Hacker News new | ask | show | jobs
by j_bum 347 days ago
This is a good counterpoint that I hadn’t considered, honestly.

That even if a show is apolitical (or mostly apolitical like TAL), it will inherently have some political bias because the creators are inherently biased.

This will create a “niche” for the show, whether it’s intentional or not. Thanks for expanding my perspective on this.

Reminds me of a recent quote from a scientist interviewed by the NYT, who said that science is inherently political, because the system and people it’s built on are political.

2 comments

Its not just about the creators bias. Any communication needs to be interpreted by sender and reciever and when that interpretation differs, communication starts to fail.

Recievers of such messages might see it as political when you speak about covid/masks, climate change, etc. no matter how hard you try to be unbiased. Unfortunately, anything can be a political symbol and you can either choose to accept their bias and avoid the symbol to stay "apolitical" or accept the "niche" you have been put into.

"99% of climatologist agree on ... yet, joining us, guru shananda, opposing it with equal air time" is a noble but net-negative attempt to address that bias.

> That even if a show is apolitical (or mostly apolitical like TAL), it will inherently have some political bias because the creators are inherently biased.
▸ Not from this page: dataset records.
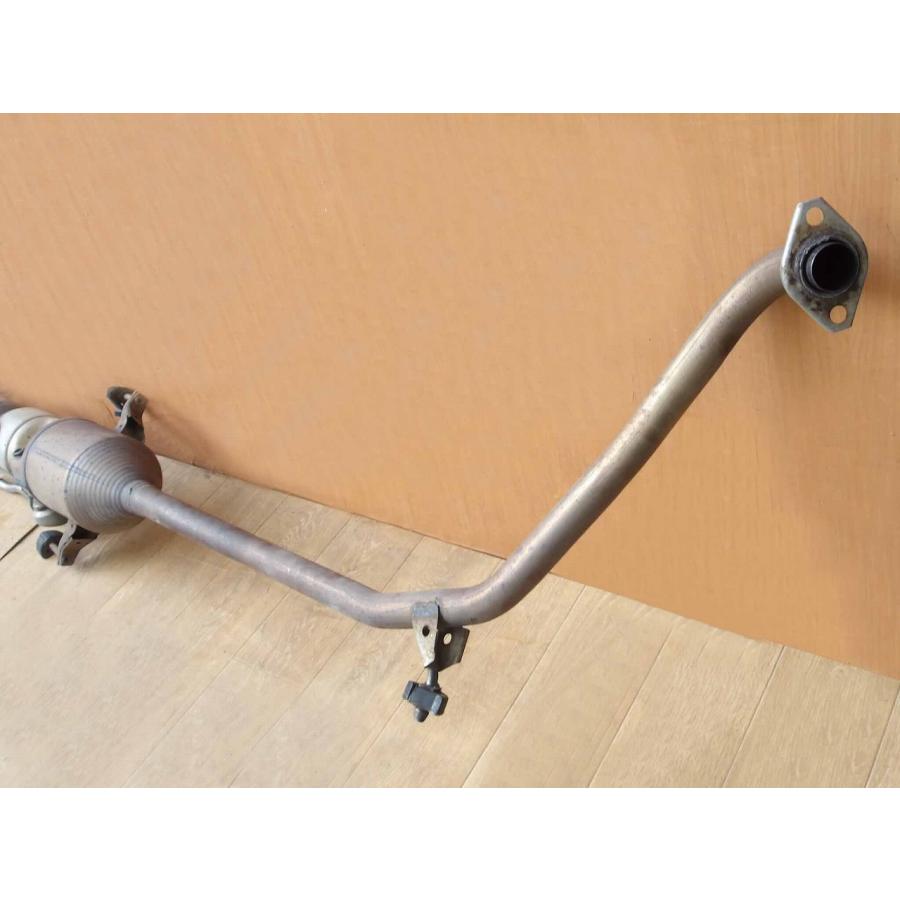 H21 プリウス ZVW30 2WD フロントマフラー/Fマフラー/エキゾーストパイプフロント |  | 02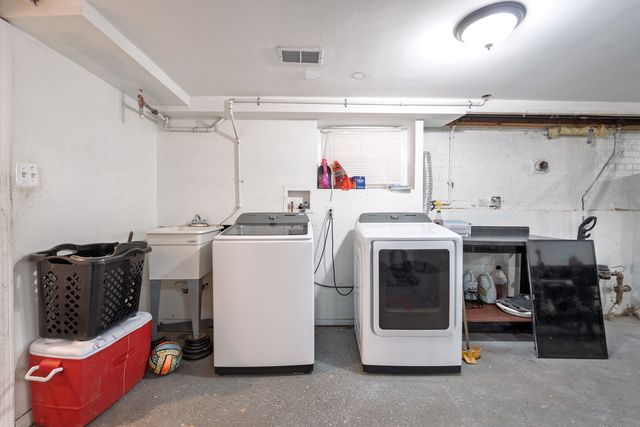 6825 S Rockwell Street, Chicago, IL 60629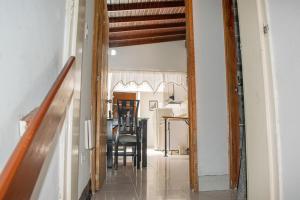 a hallway leading to a kitchen and a dining room at Apartamento Rincon sereno in Medellín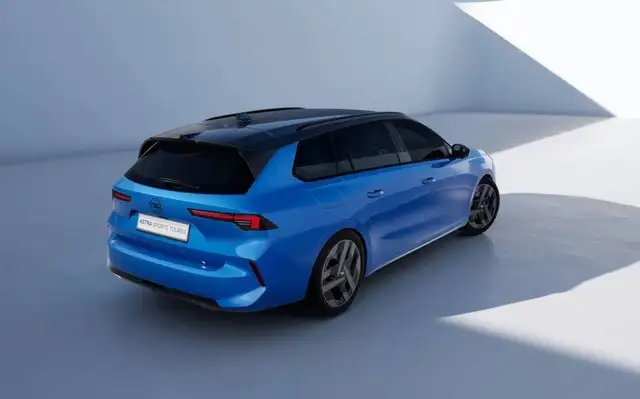 Opel Astra view 5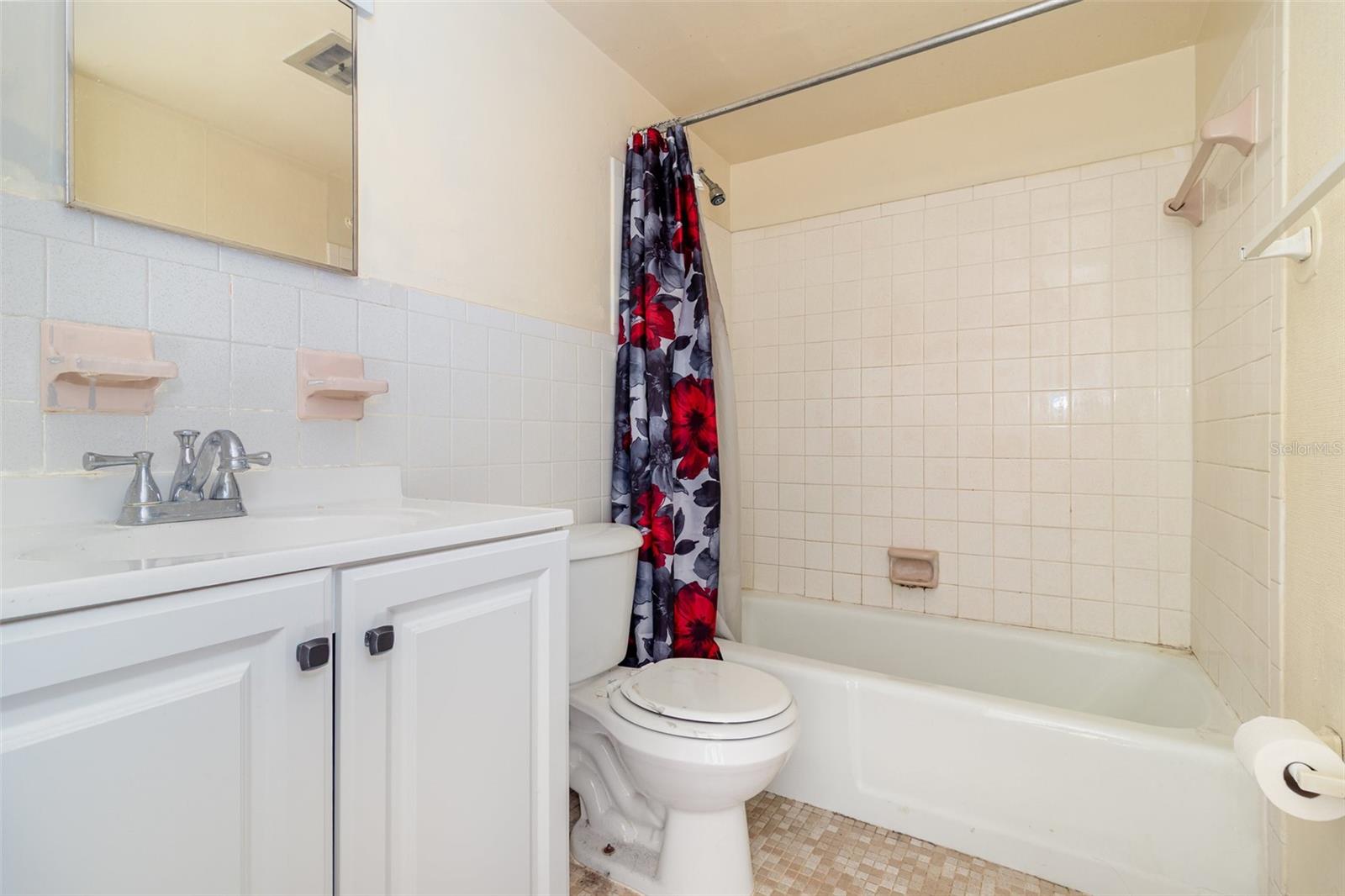 LAKESIDE MANOR APTS CONDO - Residential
I agree, but I'd extend with one other observation: a show can be rigorously unbiased in its coverage of any particular topic, but extremely biased in the decision of what to cover. The "editorial whitespace" is almost invisible, but perhaps more important than what gets covered. If you never cover the good points of the other side, its easier to make them look like uneducated extremists.

For example, while writing one of the other comments on this thread I wondered what a "TAL for conservatives" would look like, and it started to become interesting. While I'm sure that a great many people on the right would initially react harshly to the stereotypical affectations of TAL (tinkly emo music, emotional narratives, soft speech, etc.), you could easily imagine a show where you borrowed this style, and applied it to stories about families losing their multi-generation business to overregulation, bureaucratic interactions with big government, veterans affairs, etc. It could even be quite powerful, because there's clearly a human story that drives all forms of political belief.

TAL touches on some of this, but I bet there's more than enough content to fill a TAL-sized niche on the right.